4.1. Accuracy Assessment of LCZ Maps

Figure 3a shows the LCZ maps obtained with different datasets (D1–D6), respectively. The percentages of the area occupied by each LCZ class in different datasets (D1–D6) are shown in Figure 3b. The accuracies of the classification were evaluated in terms of user’s accuracy (UA), producer’s accuracy (PA), and overall accuracy (OA), which were derived from the confusion matrix based on test pixels [61]. The confusion matrices of LCZ maps obtained using different datasets (D1–D6) are shown in Figure 4. Figure 5 also shows the differences in the PAs and UAs of each LCZ class for the different LCZ maps.

Compared to using the D1 dataset, the OAs were improved by 2.24% using D2, 2.32% using D5, and 4.03% using D6. There was a small improvement in the OA after using textural features. For example, the D2 dataset improved 2.24% over the D1 dataset, the D4 dataset improved 7.14% over the D3 dataset, and the D6 dataset improved 1.71% over the D5 dataset. When using the D5 dataset, the OAs were improved by 51.9% over the D3 dataset and 44.76% over the D4 dataset. The LCZ map derived using only the dual-polarized PALSAR-2 data (the D3 dataset) had the lowest OA. Using the D3 or D4 dataset, either the OAs were relatively low, or the land cover was not satisfactorily categorized. The highest OA was 89.96%, obtained from the D6 dataset by using all 40 input features.
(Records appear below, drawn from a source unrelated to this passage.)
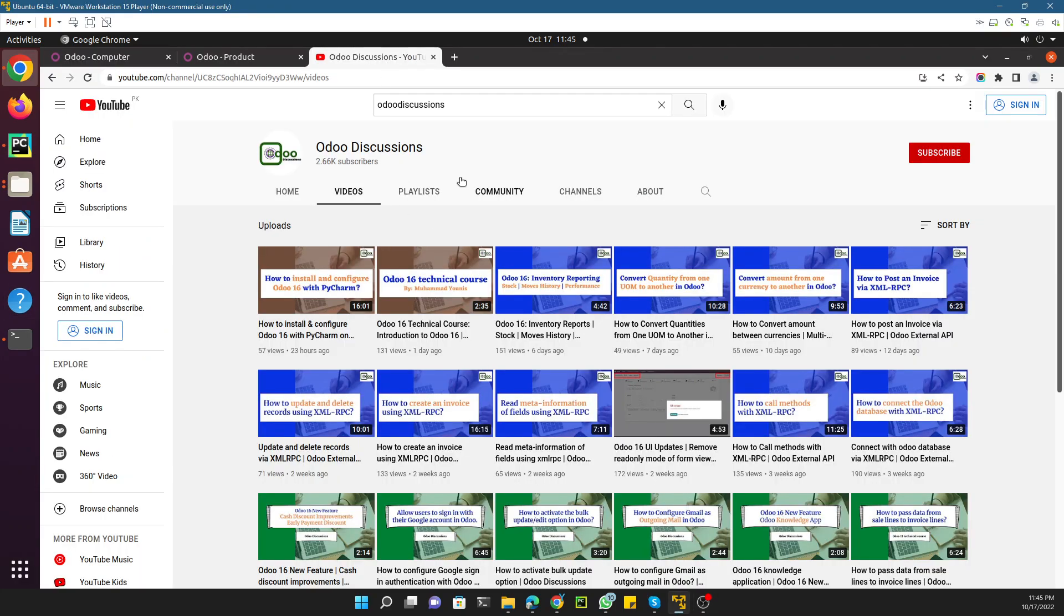Assalamu alaikum friends, my name is Muhammad Yunus and I am an Odoo technical developer. In the previous video we got a basic understanding of Odoo models, like what is an Odoo model and how we can find the details of Odoo models, like what are the fields inside that model. We will get in depth in this video and discuss further detail.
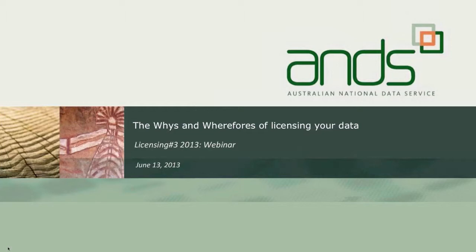Thank you for attending today's webinar, which will be about the research data FAQ, which you'll find on the Ausgold website. Anne was involved in the creation of that FAQ, and we've chosen to put it on the Ausgold site rather than the Anne site.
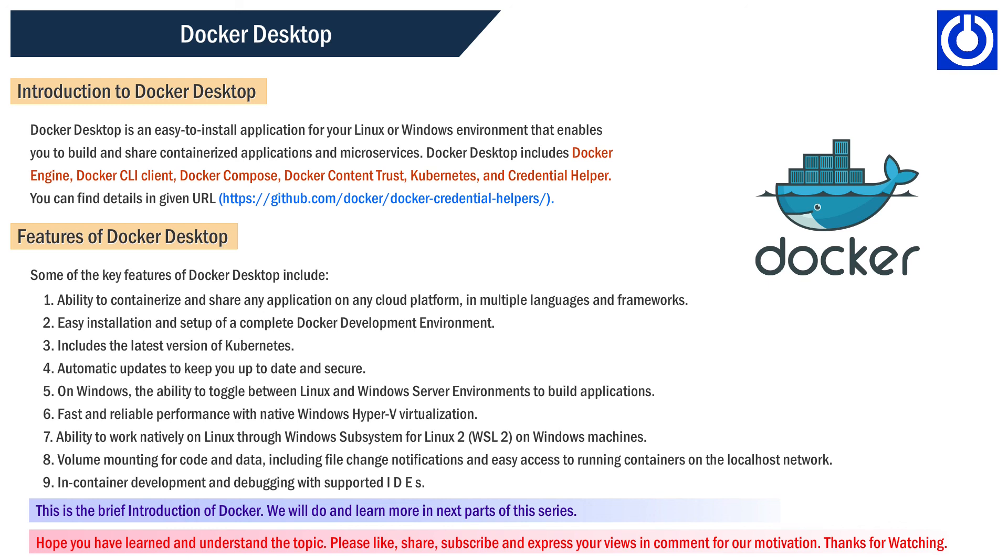This is the brief introduction of Docker. We will do and learn more in next parts of this series. Hope you have learned and understood the topic. Please like, share, subscribe, and express your views in comments for our motivation. Thanks for watching.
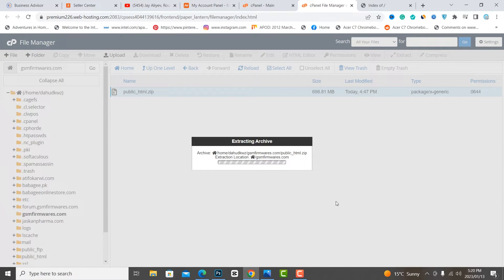It will take some time — maybe one minute — depending on your data size.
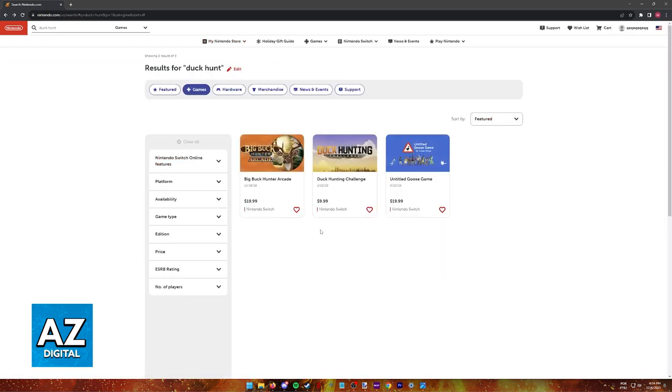So as of today, is it possible to play Duck Hunt on the Nintendo Switch? Was there any port officially made by Nintendo available on digital or on a physical copy? Sadly, as it stands today and as you might expect, Duck Hunt is not available for the Switch.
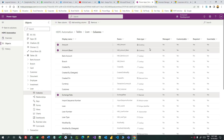Hi everyone, welcome to another video. My name is Sanjay Prakash and today I will tell you about the currency field in Dataverse or in Dynamics 365. Currency field is very interesting because Microsoft Dynamics and Microsoft Dataverse support multiple currencies. We will understand today how multiple currencies are managed in Dataverse. There are two types of currency: one is base currency and another is local currency.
For the D6 dataset, land cover LCZ types were generally classified with higher accuracy than built LCZ types (except for LCZs E and F). The confusion was manifested mainly among the built LCZ types. For the land cover LCZ types, LCZs E (bare rock or paved) and F (bare soil or sand) tended to be confused with built LCZ types. For the D6 dataset, LCZs A (dense tree), G (water), and D (low plants) had relatively high PA and UA among the land cover types. Among the built types, LCZs 2 (compact mid-rise) and 4 (open high-rise) had relatively high PA and UA. For the D6 dataset, open buildings (LCZs 4–6) were generally more difficult to distinguish than compact buildings (LCZs 2 and 3). This difficulty reflects that compact buildings are clustered in high-to-medium-spatial-resolution (10-m to 100-m) satellite imagery, whereas open buildings are scattered and occupy small pixels.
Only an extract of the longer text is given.